Back to the drawing board….

They voted on the next ELLI segment to tackle – Meaning-Making… next week…


Wk 7 ELLI Changing & Learning

Head of our Career Counseling is coming in as the guest to talk about CN ED 100 as a possible spring course for some of them – in depth look at what they want to do in life…

He’ll tie this together with their ability to change and learn! and we’ll reflect based on this….


Week 7

Today we took a catch our breath break and did a little presentation and where we’ve been and where we’re going. I wanted them to see how far they have come and how much they have done in just 6.5 weeks – almost mid-term. Talked about the purpose and definition of a liberal education… handout from AAC&U.

Exam #2 saw them reach their goal… 10 more points on average… For exam #3 – I want them to start to close the gap between them and the other students in Bi Sc… about a 10 point difference… We’ve been having individual appointments and overall it seems that people who are struggling on the exams are either spending too much time on Cornell Notes and not enough time in the hard work of memorizing the material – or not spending enough time at all on things. Let’s see if some tweaking for those folks can make a difference – and will that raise the overall performance.

I also gave them mid-term evals – so I’ll see what they have to say there….what’s working, what isn’t  – suggestions and Keep it/Lose it/Modify it for all the major activities and assignment types.

Finished up with a fun activity – using Twitter as they listened to an 8 minute recorded lecture by Dr. Blay to tweet just the main points of the lecture – using the hashtag #lled005. I wanted to see who was able to get the main ideas and who not… Interesting overall – after about 3 minutes typing slowed and some started doing other stuff on the devices… I stopped – had them re-group – talked about needing to build up endurance and focus time… stay in the game!!! We finished up – looked at the data – I need to do it again – the technology was in the way – second time should be better…


Week 6 – Tackling Different Question Types

We have class Tuesday – Exam #2 is Wednesday – so we’ll look over quizzes 3 & 4 and do a session like I had as an extra session before exam 1 –  looking at every question and learning how to break it apart and tackle it… Lastly, students will do the LearnSmart Practice exam.

Overlearning is the goal… (term by Stephen Chu Samford University – YouTube videos on Deep Learning)


Week 5 Toolbox – Study Guides

This week, we concentrated on ramping up the study time as the second exam looms before them. They still have one new chapter to process, as well as LearnSmart, and then to start to put it all together by refreshing the important info from Chapters 3 & 4! Instead of asking the professor for the “study Guide” (and making him crazy in the process!) I suggested they learn how to make their own!!

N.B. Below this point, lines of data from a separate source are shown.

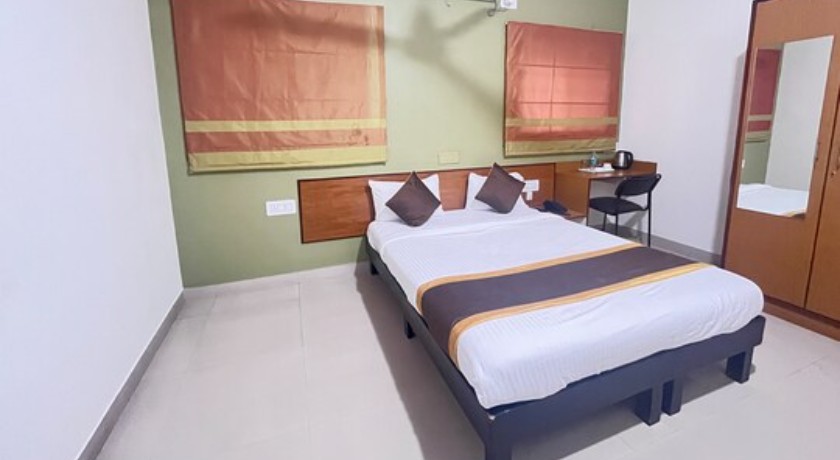 Hop Inn Service Apartment in Bangalore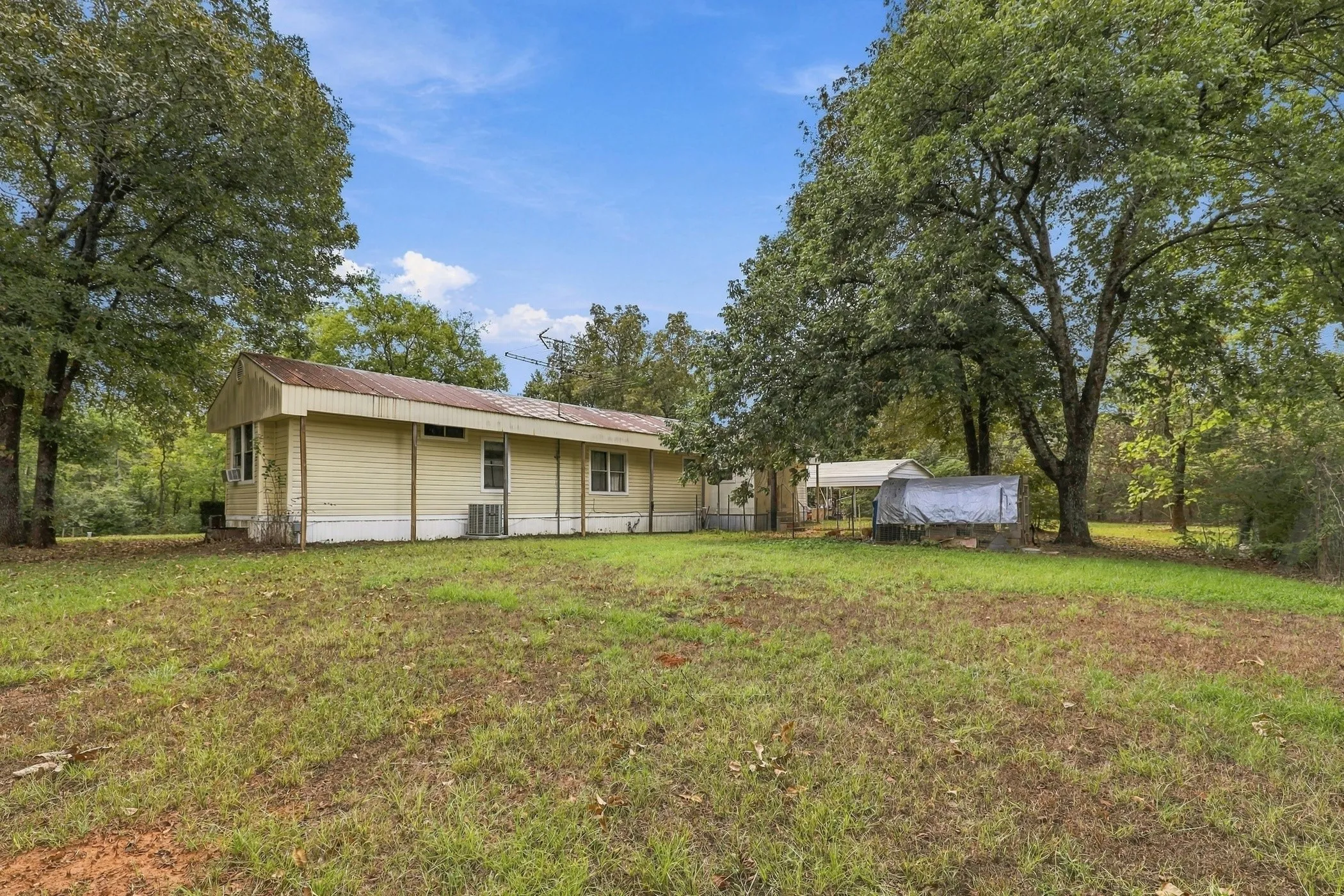 Mobile Home For Sale in Anderson County , 530 An County Rd 154, Palestine, Texas 75801, 3 Bedroom, 2 Bathroom, Garage spaces, 1,064 Sqft, built in 1983, mls#21380237, Real Estate Agent in Palestine, Homes For Sale in Anderson county, Homes For Sale in Palestine, Realtor in Palestine Texas, Real Estate Brokerage Independent Realty Texas, Luminita Cordes Realtor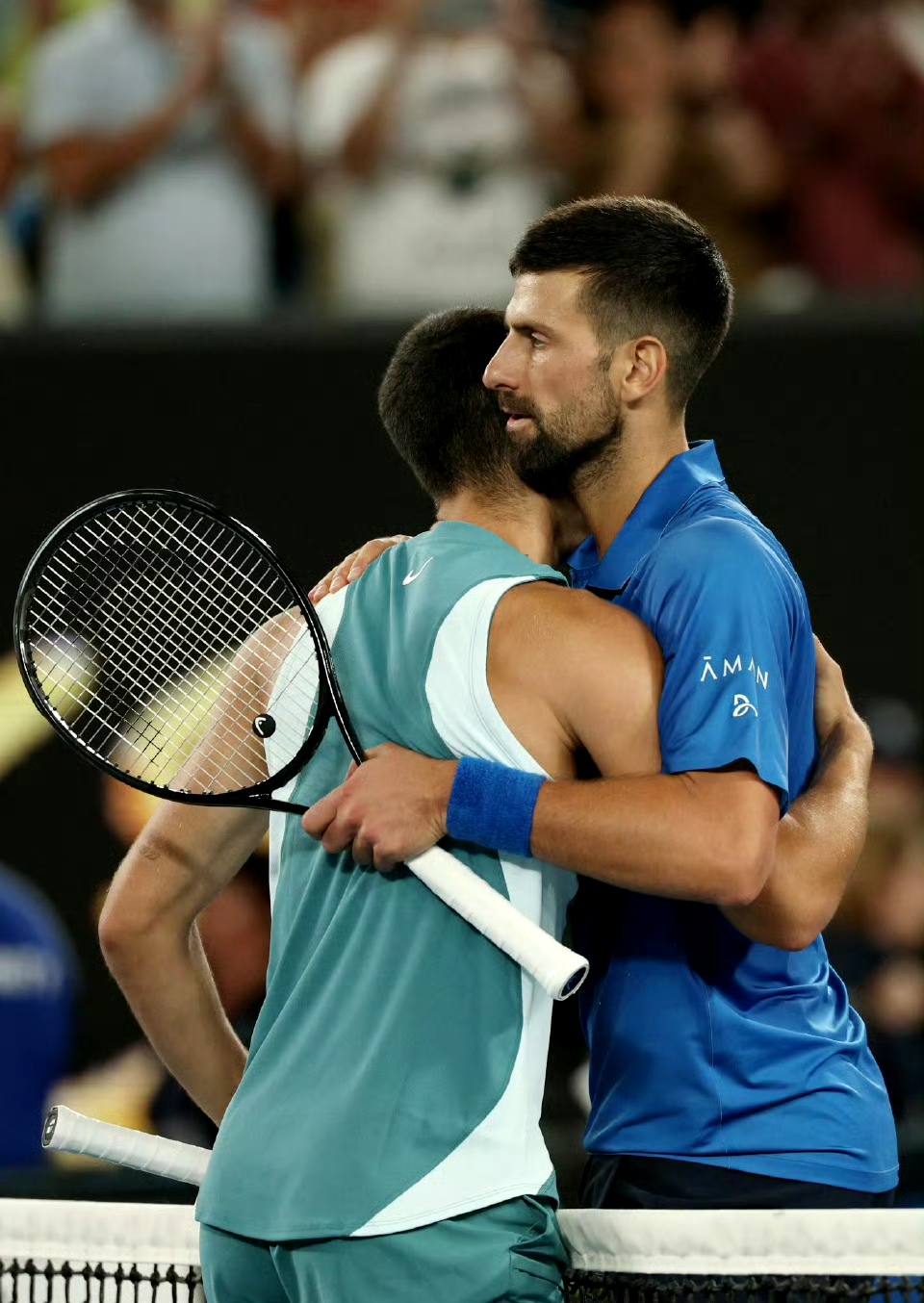 包含西班牙网球队绝杀欧洲网球队，德约科维奇制霸全场的词条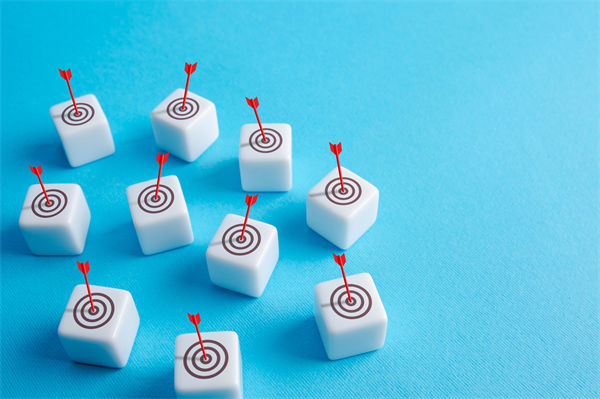 營(yíng)銷管理咨詢公司，能幫企業(yè)精準(zhǔn)定位目標(biāo)客群?jiǎn)幔? /></a></div>
                    <div   id=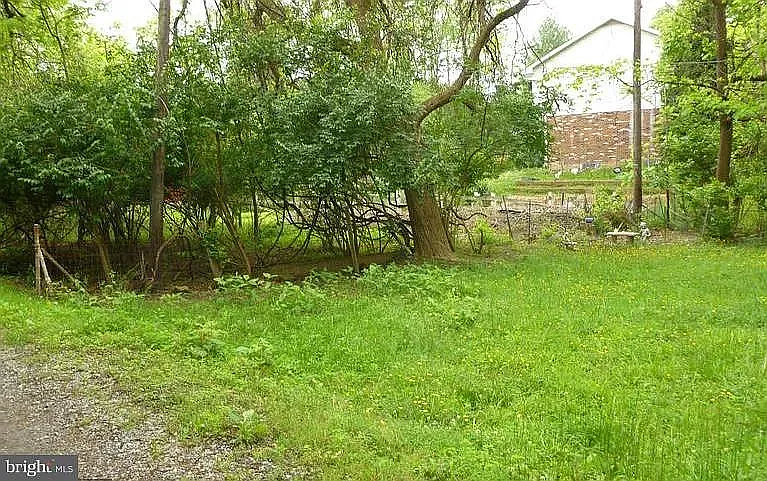 2758 Chain Bridge Rd — Photo 19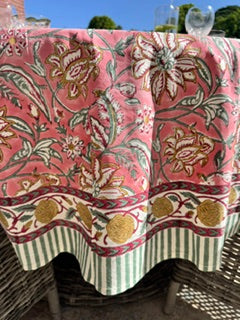 Gros plan sur le décor de la nappe Jaipur rose en coton block print avec le détail des motifs et de la frise imprimée artisanalement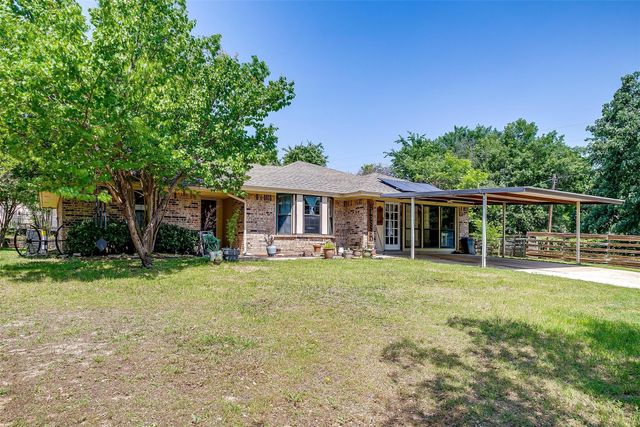 1312 Robyn Road, Azle, TX 76020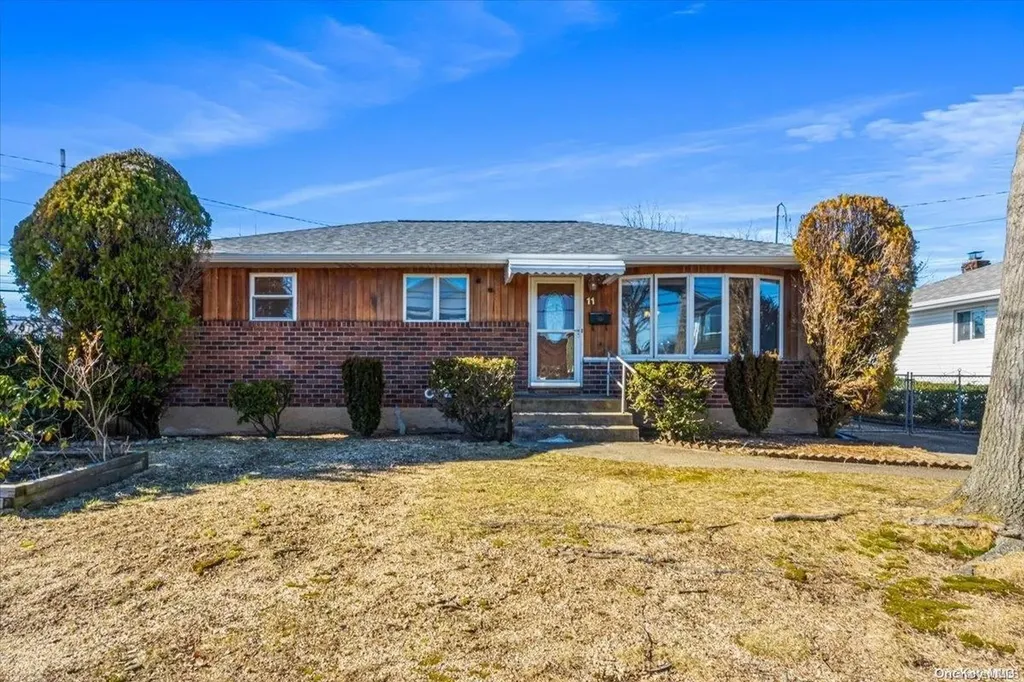 11 S 1st Street Bethpage NY 11714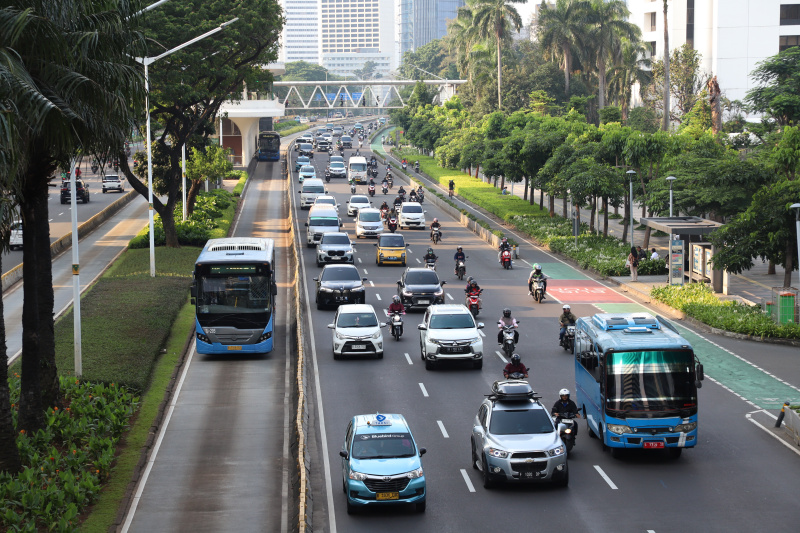 Hari pertama masuk kerja Jakarta mulai macet dan padat pasca libur Lebaran (Ashar/SinPo.id)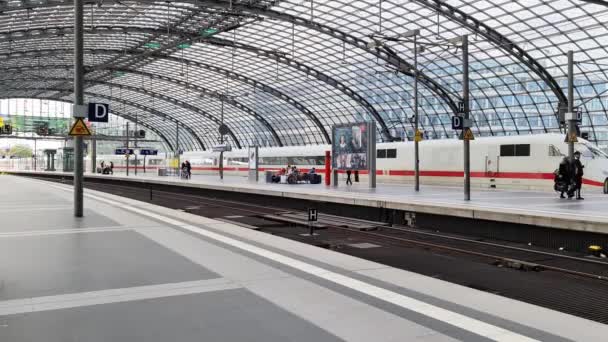 Berlin Tyskland Oktober 2022 Huvudstationen Den Tyska Huvudstaden Berlin Med — Stockvideo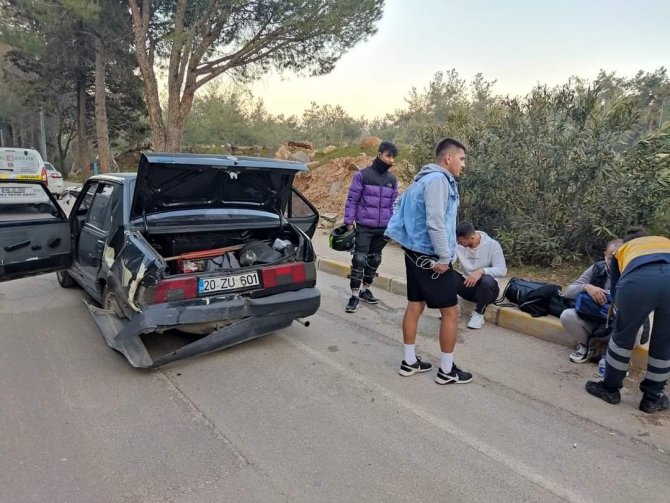 Maç Sonrası Kaza Yapan 5 Futbolcu Yaralandı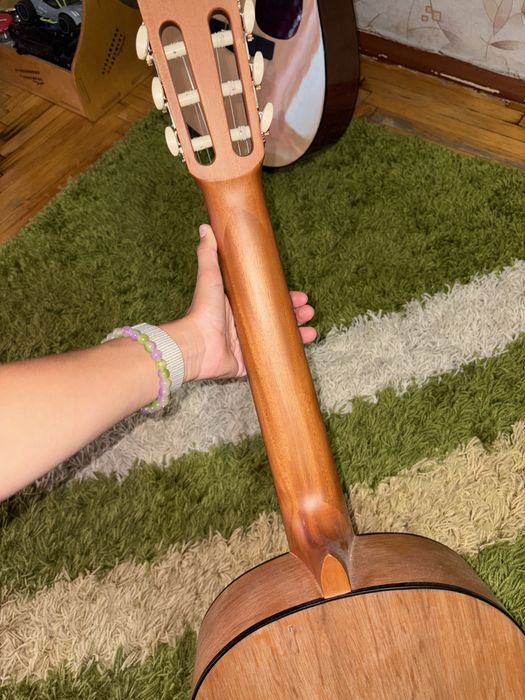 Yamaha C40M нова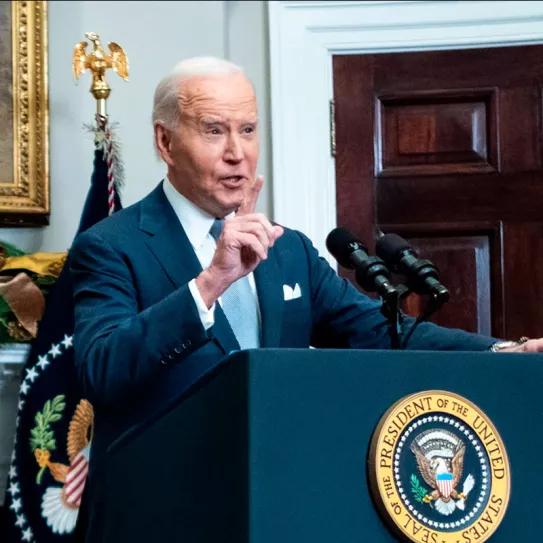 Joe Biden conmuta las penas a 2.500 personas condenadas por delitos menores de drogas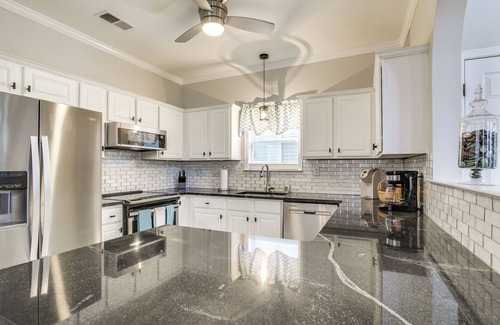 Memphis House | 3 Mi to Dtwn Memphis: Charming Family Home!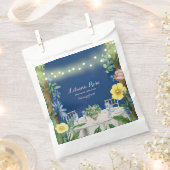 きらきら光る青い花の庭での花嫁のシャワー フェイバーバッグ (クリップ留めされた状態)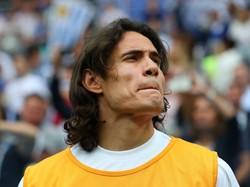 Cavani Itu Bagaikan MU Menjilat Ludah Sendiri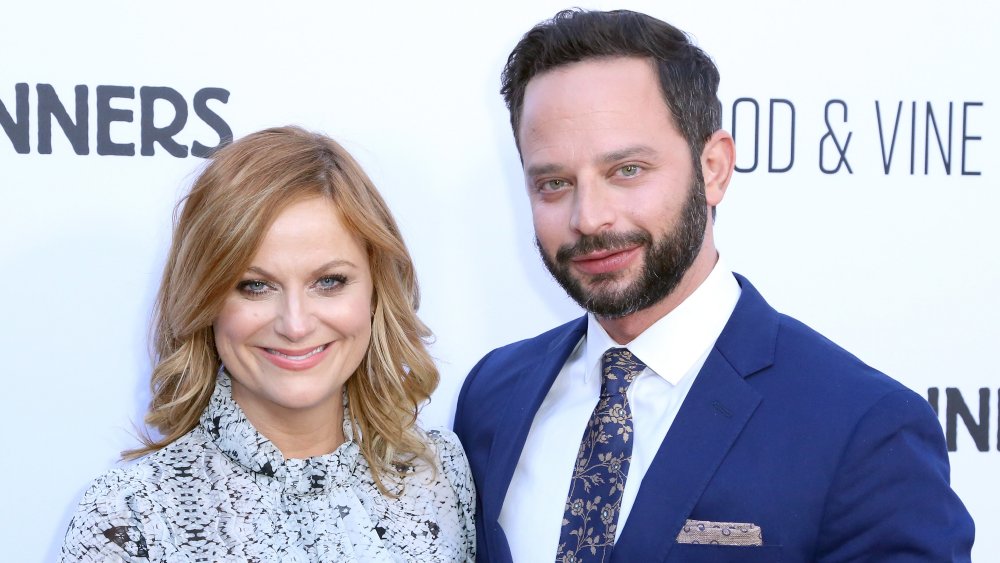 Nick Kroll y Amy Poehler en el estreno de Adult Beginners 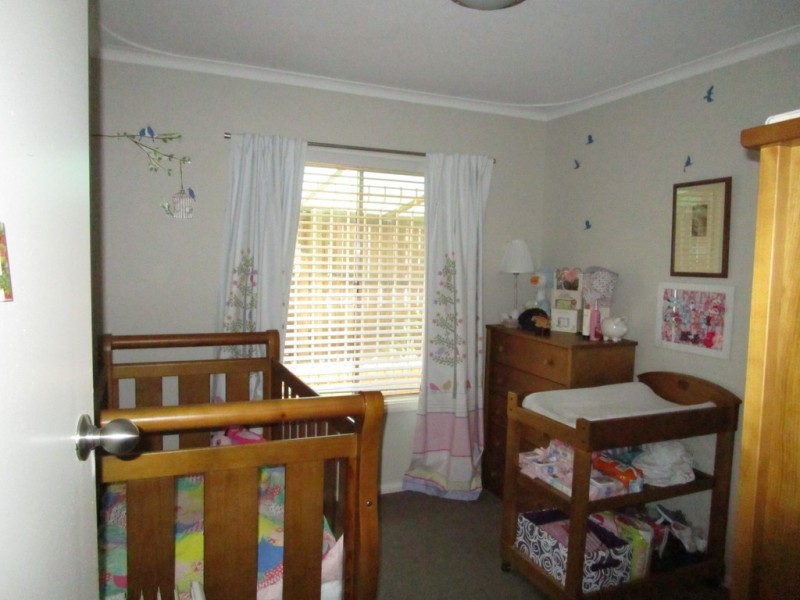 18 Laver Avenue, Gulfview Heights SA 5096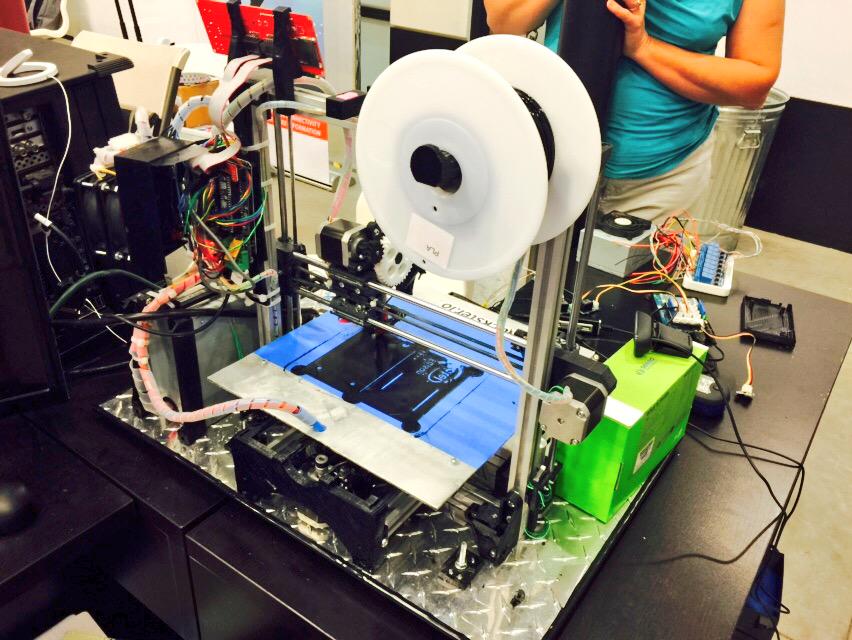 JimStLeger's tweet image. 3D printer powered by @Intel Edison. #HardwareWeekend project by Matthew Elgert. #3Dprinting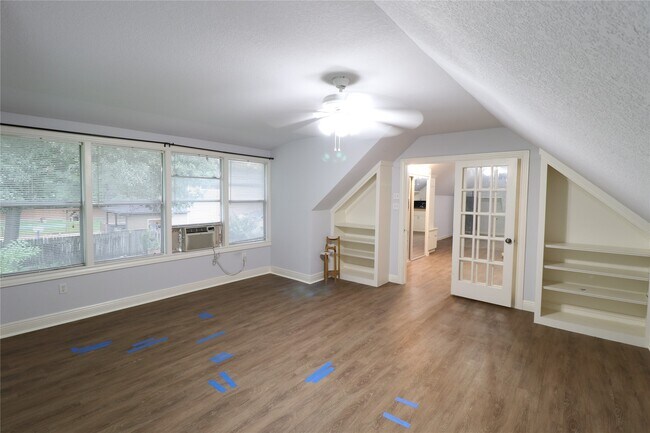 Foto del edificio - 1702 Cougar Creek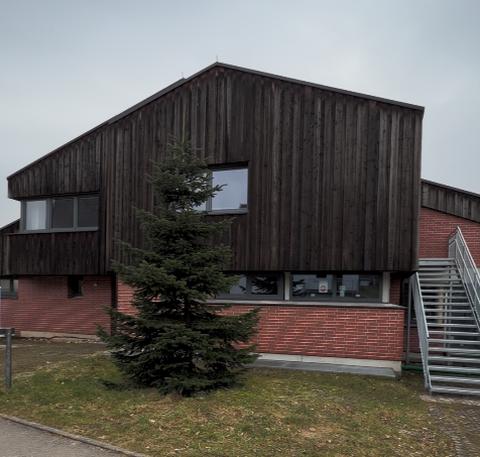 Aussenansicht Kindergarten mit Treppe und Eingangsbereich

So we spent the class time with me doing a demonstration of creating a study guide of one section of CH 3, using the TOC, the professor’s PowerPoints (which they haven’t been tapping enough), their Cornell Notes, chapter quizzes, and the chapter worksheets. Then each group of 3 students was assigned 3 sections from which they were to create a study guide – they met briefly, chunked up the work, and got to work! With 21 students in the class, we had exactly enough for each student to take a section and by the end of class, we had an entire study guide for all three chapters. The template was a 3 column table – use the TOC for the framework (left column), main points from the PowerPoint – center column – associated quiz questions (from the online quizzes) – right column. I collected them and scanned them right after class and posted them online.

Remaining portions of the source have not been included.